ACTIVITY
Exact copies of all records below are needed.

____________

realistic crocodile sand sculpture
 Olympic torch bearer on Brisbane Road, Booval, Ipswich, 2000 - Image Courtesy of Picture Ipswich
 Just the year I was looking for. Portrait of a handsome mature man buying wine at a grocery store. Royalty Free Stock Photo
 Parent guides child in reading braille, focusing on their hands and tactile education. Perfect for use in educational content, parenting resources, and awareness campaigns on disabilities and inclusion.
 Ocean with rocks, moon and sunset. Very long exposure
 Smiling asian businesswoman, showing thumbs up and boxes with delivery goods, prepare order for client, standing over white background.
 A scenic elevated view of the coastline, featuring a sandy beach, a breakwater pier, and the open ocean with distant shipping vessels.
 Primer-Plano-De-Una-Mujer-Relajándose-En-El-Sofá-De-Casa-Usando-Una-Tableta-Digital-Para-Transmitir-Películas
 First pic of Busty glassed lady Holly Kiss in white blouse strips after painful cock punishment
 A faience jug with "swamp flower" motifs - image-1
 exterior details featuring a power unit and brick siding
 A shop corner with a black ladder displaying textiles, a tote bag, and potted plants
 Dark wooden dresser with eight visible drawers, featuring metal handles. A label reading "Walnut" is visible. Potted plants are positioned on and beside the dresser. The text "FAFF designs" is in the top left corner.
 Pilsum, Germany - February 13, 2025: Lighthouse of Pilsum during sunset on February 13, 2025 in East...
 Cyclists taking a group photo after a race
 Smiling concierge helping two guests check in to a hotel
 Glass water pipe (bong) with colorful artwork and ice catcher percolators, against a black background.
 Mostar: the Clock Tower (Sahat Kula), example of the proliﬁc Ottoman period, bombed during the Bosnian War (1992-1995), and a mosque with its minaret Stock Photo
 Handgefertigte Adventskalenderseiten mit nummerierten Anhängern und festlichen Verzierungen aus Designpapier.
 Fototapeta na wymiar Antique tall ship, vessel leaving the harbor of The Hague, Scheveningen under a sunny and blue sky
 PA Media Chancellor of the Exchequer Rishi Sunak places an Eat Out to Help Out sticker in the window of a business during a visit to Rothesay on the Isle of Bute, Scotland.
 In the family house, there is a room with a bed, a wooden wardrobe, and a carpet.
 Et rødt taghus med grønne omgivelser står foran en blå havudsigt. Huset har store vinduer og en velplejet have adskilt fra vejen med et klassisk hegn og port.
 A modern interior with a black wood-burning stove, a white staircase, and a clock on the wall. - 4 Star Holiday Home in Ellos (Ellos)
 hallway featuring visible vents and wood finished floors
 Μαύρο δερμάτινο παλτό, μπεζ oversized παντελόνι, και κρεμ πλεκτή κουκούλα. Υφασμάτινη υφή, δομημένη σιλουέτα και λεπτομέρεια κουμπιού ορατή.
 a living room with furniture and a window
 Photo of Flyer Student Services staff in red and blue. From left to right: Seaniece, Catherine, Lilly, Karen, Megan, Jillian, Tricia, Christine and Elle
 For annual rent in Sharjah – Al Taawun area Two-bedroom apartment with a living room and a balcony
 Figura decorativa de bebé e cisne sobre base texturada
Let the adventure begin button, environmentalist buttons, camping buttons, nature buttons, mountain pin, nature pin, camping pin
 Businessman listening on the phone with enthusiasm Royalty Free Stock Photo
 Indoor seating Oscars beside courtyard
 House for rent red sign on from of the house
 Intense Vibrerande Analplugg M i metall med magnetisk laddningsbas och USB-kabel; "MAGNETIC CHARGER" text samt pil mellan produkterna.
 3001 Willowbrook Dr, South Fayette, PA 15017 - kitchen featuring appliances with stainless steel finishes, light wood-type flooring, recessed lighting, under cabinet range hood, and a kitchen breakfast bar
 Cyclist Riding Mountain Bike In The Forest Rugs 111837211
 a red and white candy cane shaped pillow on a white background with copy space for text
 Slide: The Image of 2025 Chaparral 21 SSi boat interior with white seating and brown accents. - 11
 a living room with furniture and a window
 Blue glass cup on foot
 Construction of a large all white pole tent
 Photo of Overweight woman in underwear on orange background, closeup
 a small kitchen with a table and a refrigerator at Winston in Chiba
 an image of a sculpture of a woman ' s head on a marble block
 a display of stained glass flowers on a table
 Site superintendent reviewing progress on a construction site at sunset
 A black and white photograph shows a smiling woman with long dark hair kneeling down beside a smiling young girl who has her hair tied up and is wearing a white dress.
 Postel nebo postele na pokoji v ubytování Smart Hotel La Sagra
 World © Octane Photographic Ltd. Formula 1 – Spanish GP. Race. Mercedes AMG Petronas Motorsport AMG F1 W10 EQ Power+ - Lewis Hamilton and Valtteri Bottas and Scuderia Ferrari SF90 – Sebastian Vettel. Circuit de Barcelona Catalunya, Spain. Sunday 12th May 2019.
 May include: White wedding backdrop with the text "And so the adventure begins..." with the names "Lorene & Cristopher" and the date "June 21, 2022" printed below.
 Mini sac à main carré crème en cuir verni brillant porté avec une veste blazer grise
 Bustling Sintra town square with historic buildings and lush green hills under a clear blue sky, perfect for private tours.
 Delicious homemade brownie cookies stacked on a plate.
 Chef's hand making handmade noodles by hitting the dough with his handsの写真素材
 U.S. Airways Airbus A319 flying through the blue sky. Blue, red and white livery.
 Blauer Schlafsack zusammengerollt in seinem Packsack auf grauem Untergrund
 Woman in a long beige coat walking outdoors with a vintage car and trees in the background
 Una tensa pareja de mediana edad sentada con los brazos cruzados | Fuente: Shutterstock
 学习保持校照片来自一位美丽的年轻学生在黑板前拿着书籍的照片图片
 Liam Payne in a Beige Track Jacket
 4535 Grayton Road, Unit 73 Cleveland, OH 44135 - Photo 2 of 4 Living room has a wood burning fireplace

____________

FINISHED EXERCISE
realistic crocodile sand sculpture
 Olympic torch bearer on Brisbane Road, Booval, Ipswich, 2000 - Image Courtesy of Picture Ipswich
 Just the year I was looking for. Portrait of a handsome mature man buying wine at a grocery store. Royalty Free Stock Photo
 Parent guides child in reading braille, focusing on their hands and tactile education. Perfect for use in educational content, parenting resources, and awareness campaigns on disabilities and inclusion.
 Ocean with rocks, moon and sunset. Very long exposure
 Smiling asian businesswoman, showing thumbs up and boxes with delivery goods, prepare order for client, standing over white background.
 A scenic elevated view of the coastline, featuring a sandy beach, a breakwater pier, and the open ocean with distant shipping vessels.
 Primer-Plano-De-Una-Mujer-Relajándose-En-El-Sofá-De-Casa-Usando-Una-Tableta-Digital-Para-Transmitir-Películas
 First pic of Busty glassed lady Holly Kiss in white blouse strips after painful cock punishment
 A faience jug with "swamp flower" motifs - image-1
 exterior details featuring a power unit and brick siding
 A shop corner with a black ladder displaying textiles, a tote bag, and potted plants
 Dark wooden dresser with eight visible drawers, featuring metal handles. A label reading "Walnut" is visible. Potted plants are positioned on and beside the dresser. The text "FAFF designs" is in the top left corner.
 Pilsum, Germany - February 13, 2025: Lighthouse of Pilsum during sunset on February 13, 2025 in East...
 Cyclists taking a group photo after a race
 Smiling concierge helping two guests check in to a hotel
 Glass water pipe (bong) with colorful artwork and ice catcher percolators, against a black background.
 Mostar: the Clock Tower (Sahat Kula), example of the proliﬁc Ottoman period, bombed during the Bosnian War (1992-1995), and a mosque with its minaret Stock Photo
 Handgefertigte Adventskalenderseiten mit nummerierten Anhängern und festlichen Verzierungen aus Designpapier.
 Fototapeta na wymiar Antique tall ship, vessel leaving the harbor of The Hague, Scheveningen under a sunny and blue sky
 PA Media Chancellor of the Exchequer Rishi Sunak places an Eat Out to Help Out sticker in the window of a business during a visit to Rothesay on the Isle of Bute, Scotland.
 In the family house, there is a room with a bed, a wooden wardrobe, and a carpet.
 Et rødt taghus med grønne omgivelser står foran en blå havudsigt. Huset har store vinduer og en velplejet have adskilt fra vejen med et klassisk hegn og port.
 A modern interior with a black wood-burning stove, a white staircase, and a clock on the wall. - 4 Star Holiday Home in Ellos (Ellos)
 hallway featuring visible vents and wood finished floors
 Μαύρο δερμάτινο παλτό, μπεζ oversized παντελόνι, και κρεμ πλεκτή κουκούλα. Υφασμάτινη υφή, δομημένη σιλουέτα και λεπτομέρεια κουμπιού ορατή.
 a living room with furniture and a window
 Photo of Flyer Student Services staff in red and blue. From left to right: Seaniece, Catherine, Lilly, Karen, Megan, Jillian, Tricia, Christine and Elle
 For annual rent in Sharjah – Al Taawun area Two-bedroom apartment with a living room and a balcony
 Figura decorativa de bebé e cisne sobre base texturada
Let the adventure begin button, environmentalist buttons, camping buttons, nature buttons, mountain pin, nature pin, camping pin
 Businessman listening on the phone with enthusiasm Royalty Free Stock Photo
 Indoor seating Oscars beside courtyard
 House for rent red sign on from of the house
 Intense Vibrerande Analplugg M i metall med magnetisk laddningsbas och USB-kabel; "MAGNETIC CHARGER" text samt pil mellan produkterna.
 3001 Willowbrook Dr, South Fayette, PA 15017 - kitchen featuring appliances with stainless steel finishes, light wood-type flooring, recessed lighting, under cabinet range hood, and a kitchen breakfast bar
 Cyclist Riding Mountain Bike In The Forest Rugs 111837211
 a red and white candy cane shaped pillow on a white background with copy space for text
 Slide: The Image of 2025 Chaparral 21 SSi boat interior with white seating and brown accents. - 11
 a living room with furniture and a window
 Blue glass cup on foot
 Construction of a large all white pole tent
 Photo of Overweight woman in underwear on orange background, closeup
 a small kitchen with a table and a refrigerator at Winston in Chiba
 an image of a sculpture of a woman ' s head on a marble block
 a display of stained glass flowers on a table
 Site superintendent reviewing progress on a construction site at sunset
 A black and white photograph shows a smiling woman with long dark hair kneeling down beside a smiling young girl who has her hair tied up and is wearing a white dress.
 Postel nebo postele na pokoji v ubytování Smart Hotel La Sagra
 World © Octane Photographic Ltd. Formula 1 – Spanish GP. Race. Mercedes AMG Petronas Motorsport AMG F1 W10 EQ Power+ - Lewis Hamilton and Valtteri Bottas and Scuderia Ferrari SF90 – Sebastian Vettel. Circuit de Barcelona Catalunya, Spain. Sunday 12th May 2019.
 May include: White wedding backdrop with the text "And so the adventure begins..." with the names "Lorene & Cristopher" and the date "June 21, 2022" printed below.
 Mini sac à main carré crème en cuir verni brillant porté avec une veste blazer grise
 Bustling Sintra town square with historic buildings and lush green hills under a clear blue sky, perfect for private tours.
 Delicious homemade brownie cookies stacked on a plate.
 Chef's hand making handmade noodles by hitting the dough with his handsの写真素材
 U.S. Airways Airbus A319 flying through the blue sky. Blue, red and white livery.
 Blauer Schlafsack zusammengerollt in seinem Packsack auf grauem Untergrund
 Woman in a long beige coat walking outdoors with a vintage car and trees in the background
 Una tensa pareja de mediana edad sentada con los brazos cruzados | Fuente: Shutterstock
 学习保持校照片来自一位美丽的年轻学生在黑板前拿着书籍的照片图片
 Liam Payne in a Beige Track Jacket
 4535 Grayton Road, Unit 73 Cleveland, OH 44135 - Photo 2 of 4 Living room has a wood burning fireplace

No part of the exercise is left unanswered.